Oh, and “I like to take ten of them” is something no one has ever said unironically, and described it that way, it “feels so good”. I’ve never heard someone describe drugs that way. Because they don’t. That’s what you say about a massage. Or something with your significant other behind closed doors. Something you’re feeling in real life. You know who would say that? Someone educated by 1950’s anti-drug propaganda. Who thought they talk like that. And no one had called meth “Crystal” since the 90’s.
My turn in line:
Me: Hey, it’s Jordan.
The Window: Yea. Whaddya need?
Me: Umm… One gram and one-and-a-half grams of h in separate bags. And a half gram of clear.
The Window: Alright, we’ll bring it to the door.
They were constantly changing the order of how things were done. Depending on who was working the window.
It’s her turn at the window. She pulls out what appears to be a Ziploc bag. A big Ziploc bag. Full of change. The curtain is down so no one can see inside the window. This is purposeful and the norm here. They have to open the curtain for her to explain.
Window: Whoa! We can’t take that much change.
Lady: I’m really sorry. It’s all quarters.
Window: How much do you think is there?
Lady: I don’t know.
Window: You didn’t count it!?
Lady: No. I didn’t have time.
Window: Hey. There’s a store on the corner. The owner is Sam, he’s a friend. Take it to him and bring back cash.
Security opens the door and hands me my order. He always looks me in the eyes while he hands it to me. As if to look in my soul to see if I’m the one. It’s going to be someone. Is it me or the weirdo at the window. In this business, in this world, there is always a betrayal in motion. Who is it going to be?
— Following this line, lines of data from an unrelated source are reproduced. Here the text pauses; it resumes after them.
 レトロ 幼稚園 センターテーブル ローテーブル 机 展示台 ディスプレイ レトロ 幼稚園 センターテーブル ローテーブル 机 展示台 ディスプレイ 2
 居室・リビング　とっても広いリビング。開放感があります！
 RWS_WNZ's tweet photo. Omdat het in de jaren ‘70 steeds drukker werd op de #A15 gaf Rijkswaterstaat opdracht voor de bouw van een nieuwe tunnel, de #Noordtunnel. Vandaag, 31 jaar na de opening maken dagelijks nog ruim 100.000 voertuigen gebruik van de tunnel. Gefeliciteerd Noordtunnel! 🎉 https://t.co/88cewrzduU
Seven days later the first of three raids were conducted by the FBI. ATF, and DEA. I’ve seen many videos from the scene that day. Luckily, I had just missed it, that time. Public transit here in Louisville Kentucky is the TARC bus system.
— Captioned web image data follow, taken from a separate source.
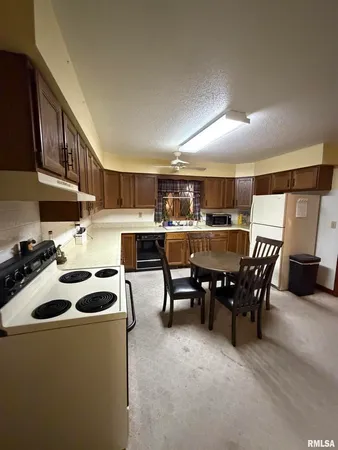 $229,000 | 8576 Old 13 Route, Marion, IL 62959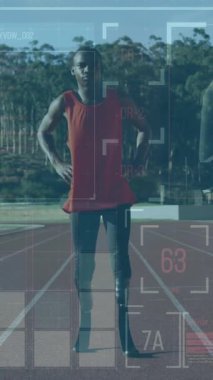Yarış pistinde koşan engelli bir erkek sporcunun dijital veri işleme animasyonu. global spor, rekabet, engellilik ve dijital arayüz kavramı dijital olarak oluşturulmuş video.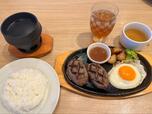 【ビッグボーイ 大俵ハンバーグ&フライエッグ(サラダバー・スープバー付)】ジューシーなハンバーグに、たっぷりのライス、スープバーのスープ、ドリンクバーまで揃った朝から満足度抜群のセットです◎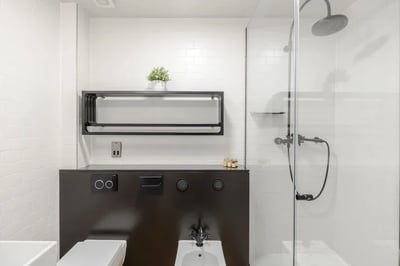 Flat Long Acre in City of Westminster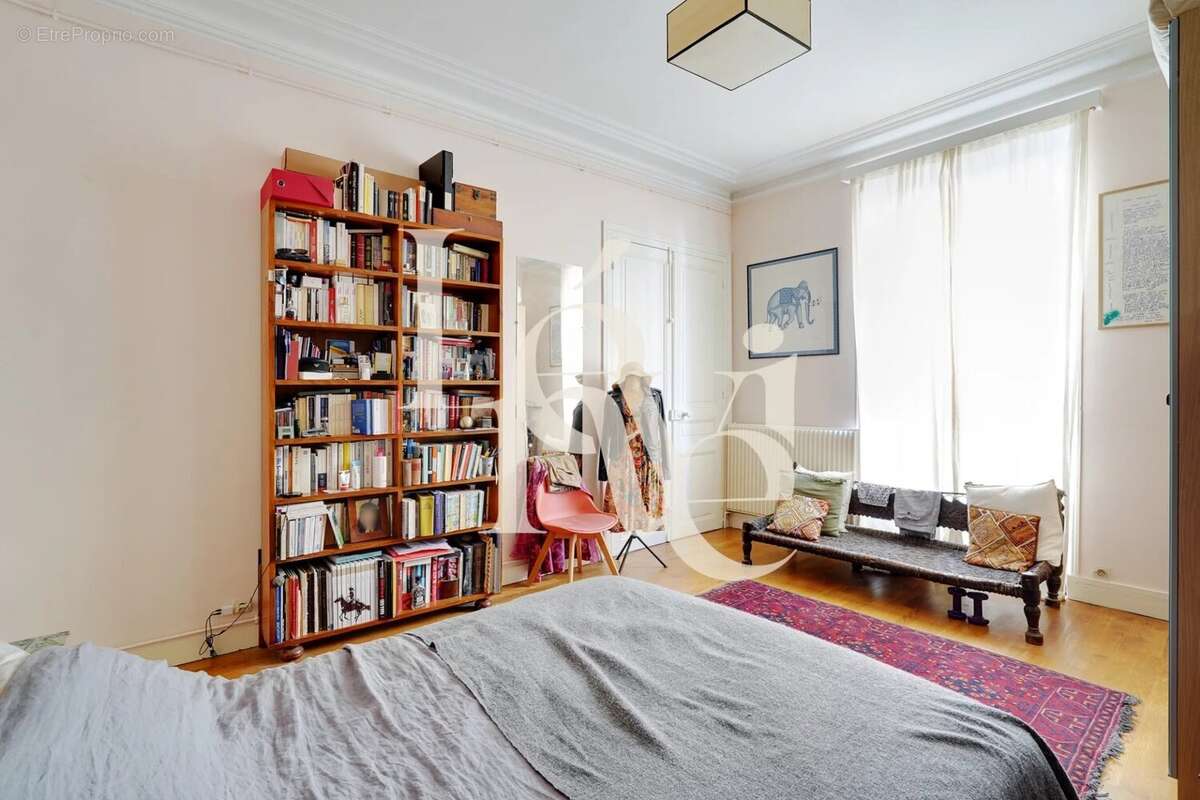 Appartement à PARIS-5E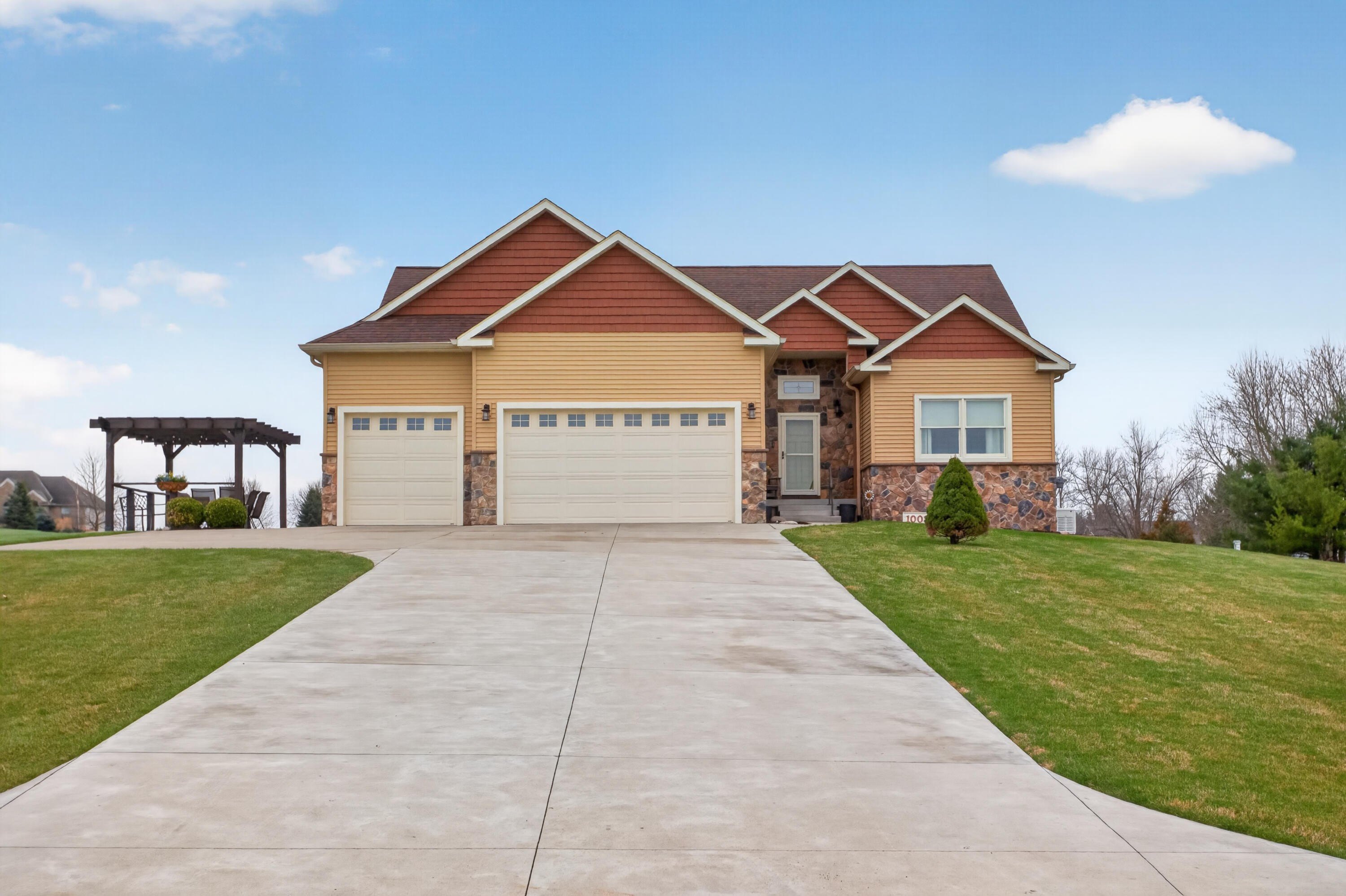 Single Family 3BR 3BA - 10037 Whitetail Lane, Jackson, MI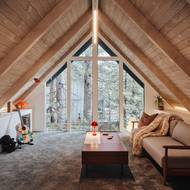 Barevná kytara a starý gramofon jsou nejenom k ruce při trávení odpočinku, ale zároveň i hezky doplňují interiér.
They used two, full-sized TARC buses filled with agents in all black and assault rifles to conduct this raid. They drove the buses a block apart and simultaneously pulled them across the road on each end of the block. Blocking both lanes so no one could come or go in either direction. I wish I had a picture of this. Over a hundred black ants poured into the block and flash-banged every house. The Trap was their, first target. They knew where the most action was happening at.
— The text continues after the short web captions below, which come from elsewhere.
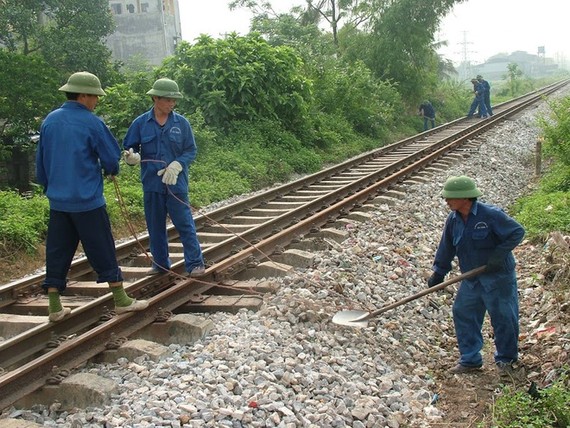 Hàng nghìn công nhân đường sắt đang bị chậm lương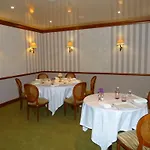 Hotel Logis Hotel Restaurant Le Gue Du Holme Saint-Quentin-sur-le-Homme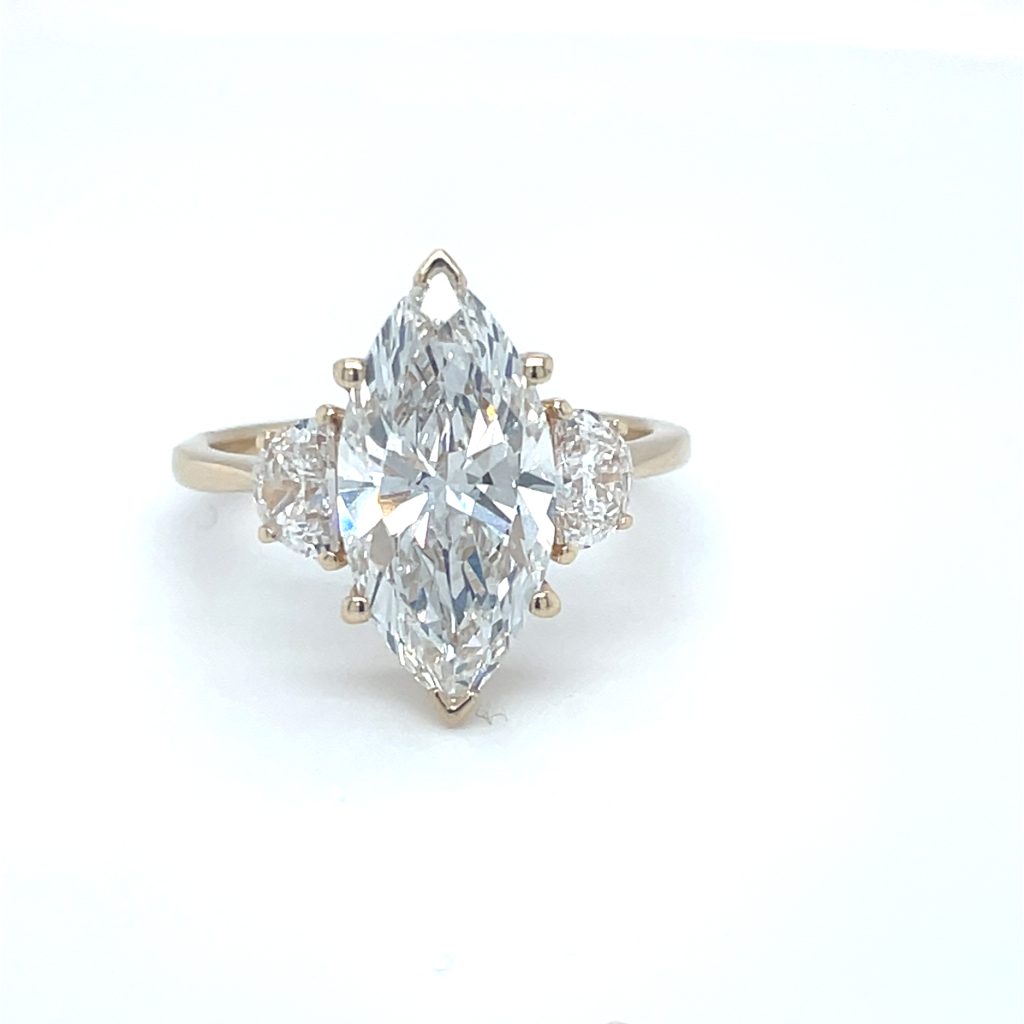 Engagement Rings jewelry collection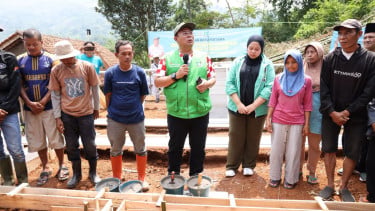 Wakil Ketua DPR RI Cucun Ahmad Syamsurijal membangun rumah relokasi warga terdampak longsor di Bandung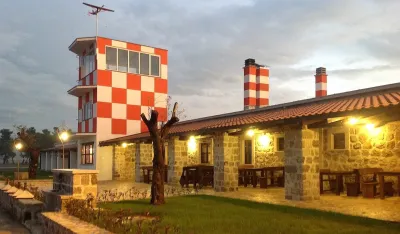 Aerodrom &Scaron;piro Mugo&scaron;a
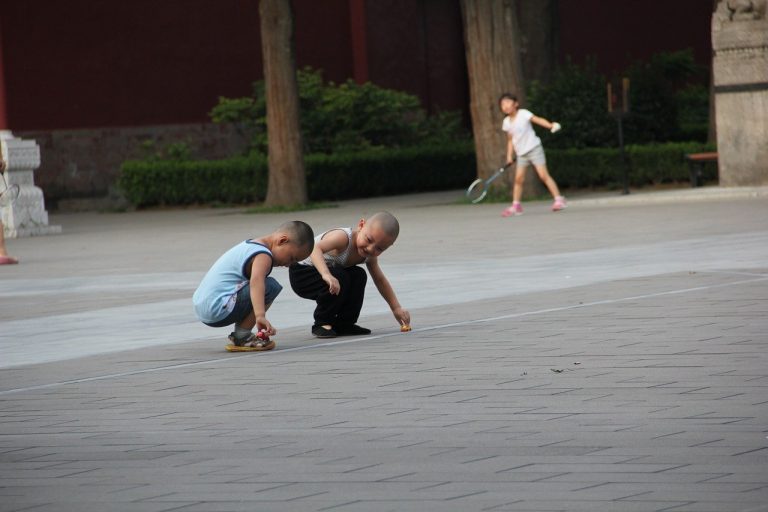 famiglia cinese paga multa per avere 7 figli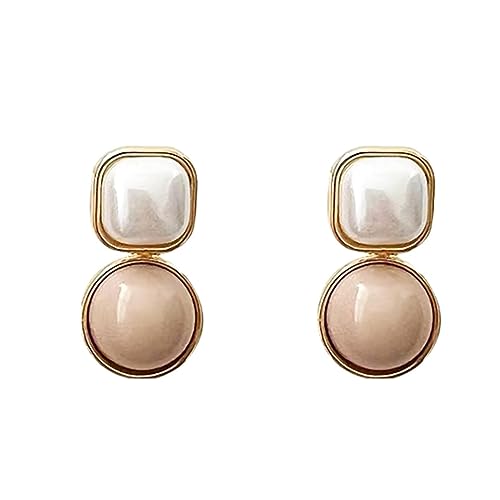 Pendentif assorti et perles : le cadeau d'anniversaire romantique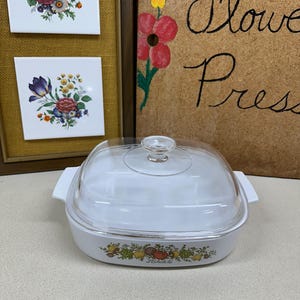 Vintage Corning Ware Spice of Life Casserole Baking Dish with Lid Corning Ware Microwave Range Safe USA 2.5 Liter A-10- B
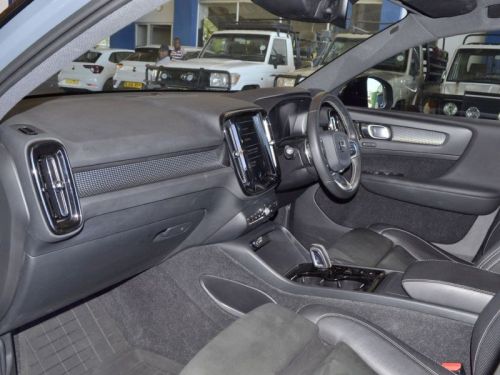 Volvo XC40 D4 in Botswana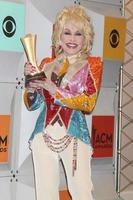 las vegas, 3 de abril - dolly parton en la 51ª edición de los premios de la academia de música country en el mgm grand garden arena el 3 de abril de 2016 en las vegas, nv foto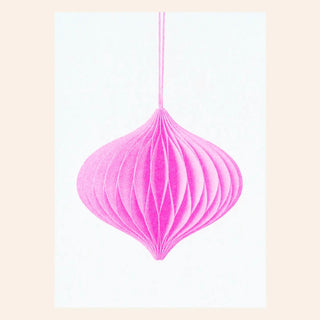 Karte in Risographiedruck neon pink mit Weihnachtsschmuck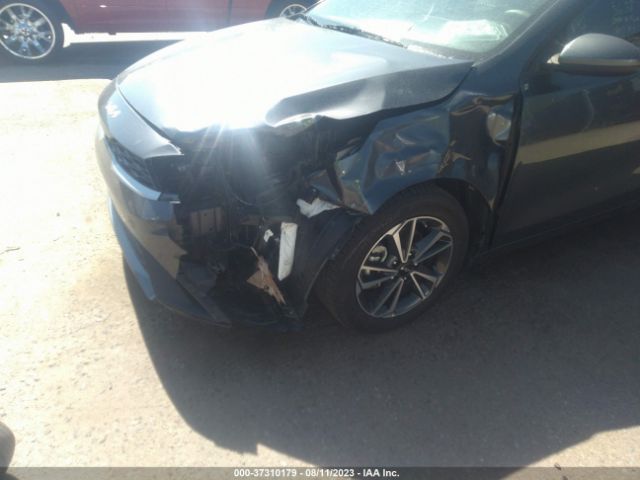 3KPF24AD8NE437126 KIA Forte Lxs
They shot their dog, a very nice boxer who loved everyone but me for some strange reason, flash-banged the house through the window, kicked the door and shot out the bottom of the toilet as the drugs were flushing. It wasn’t fast enough. Three arrests, a bunch of citations and a lot more evidence was gathered.
At the time that I was in line with that lady, I thought she was just very odd. The events that followed however, led me to believe, and I still believe, that everything she did was very calculated. That lady, without a doubt, was sent in by whatever one of the 3-letter-agencies she works for to see how things were being operated for a final time before they went in. It’s crazy to think how many more like her that they sent in. There’s no chance that she was the only one, maybe the most obvious, but she just seemed very odd at the time. She manipulated herself in, through the line, and got them to open the window. In the Discovery evidence one of the defendants on this case described to me a picture that was taken through the window with the curtains up. He didn’t understand how they had gotten that picture, but it made perfect sense to me. My mind jolted back to this moment.
Four hours after the raid they were reopened on a different block, and I was there getting my fix for the day.